As a prophet, Jeremiah knew the reality of YHWH’s faithfulness, and that it was not diminished because of man’s faithlessness. The God of his fathers had made sure and certain promises to not only the prophet, not only to his people, Israel and Judah (in spite of their rank iniquity), but promises to the whole world. He had promised Abraham that he would be the father of nations. He had promised the people of Israel to lead them out of the land of Egypt and into the land flowing with milk and honey. He promised David to abide with him and all his line. Whether immediately or in the fullness of His timing, YHWH fulfilled those promises. Thus, Jeremiah trusted that, in the fullness of time, YHWH would send a redeemer. “In those days and at that time I will cause a righteous Branch to spring up for David, and He shall execute justice and righteousness in the land. In those days Judah will be saved, and Jerusalem will dwell securely. And this is the name by which it will be called: ‘The Lord our righteousness.’” He knew and proclaimed this promise to a people unworthy to receive it … but he did not live to see it fulfilled.

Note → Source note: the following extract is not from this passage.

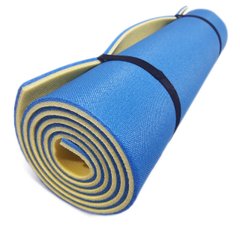 Килимок каремат для йоги та фітнесу 1800×600×8мм, двошаровий, синій/жовтий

That’s a marked difference between us and Jeremiah. The weeping prophet lived in the hope of the promise, but still lived under the sacrificial system. He didn’t have the benefit of seeing the Meshiach born as a Babe in Bethlehem to a teenaged girl nobody. He didn’t hear all the teachings nor see the miracles of the man that babe grew up to be. He didn’t see Him bloodied and beaten, scourged and whipped, crucified and eventually killed. He didn’t hear Him cry out, “It is finished.” He didn’t see that holy body placed in a new tomb … nor did he see Him dislodge the stone from its place in front of His tomb and waltz out in glorious, victorious resurrection.
We didn’t actually see it ourselves either, but we believe, we trust, we know that the righteous Branch has sprung up from David. We know His justice was executed in His execution, as He made full atonement for our sins, and He gave His righteousness to all in the world who trust His Word. We know that God’s people are saved, and that in our baptisms, we His people received a new name by which we are called: “Christians,” that is, “Christ-bearers,” those who have been given His righteousness as a garment. HE is our righteousness, and it is by His name that we are known. We have the benefit of knowing who Jeremiah yearned to know: Jesus of Nazareth, who is called the Christ, the incarnate Son of God, and we have the benefit of knowing that, because of His death on the cross, all our sins are forever atoned for, and eternal life is ours.
We can’t truthfully make an apples-to-apples comparison between ourselves and Jeremiah. Yes, there are similarities, but his situation and circumstances, the trials and tribulations which he faced are not the same as what we see today. There is one thing, though, that we do hold in common with Jeremiah: we live in a sure and certain expectation and hope for God’s promise to be fulfilled. For the prophet, it was the promise that the Messiah would come and save His people from their sins; for us, who live in this apostolic age after the Messiah has already completed His salvific work, we look forward in eager expectation to His return. One of these days, likely to be one of those days … is going to be the Day, when all wrongs are righted and our king comes on clouds descending to take us to be with Him forever.
+ In the name of the Father, Son, and Holy Spirit. + Amen.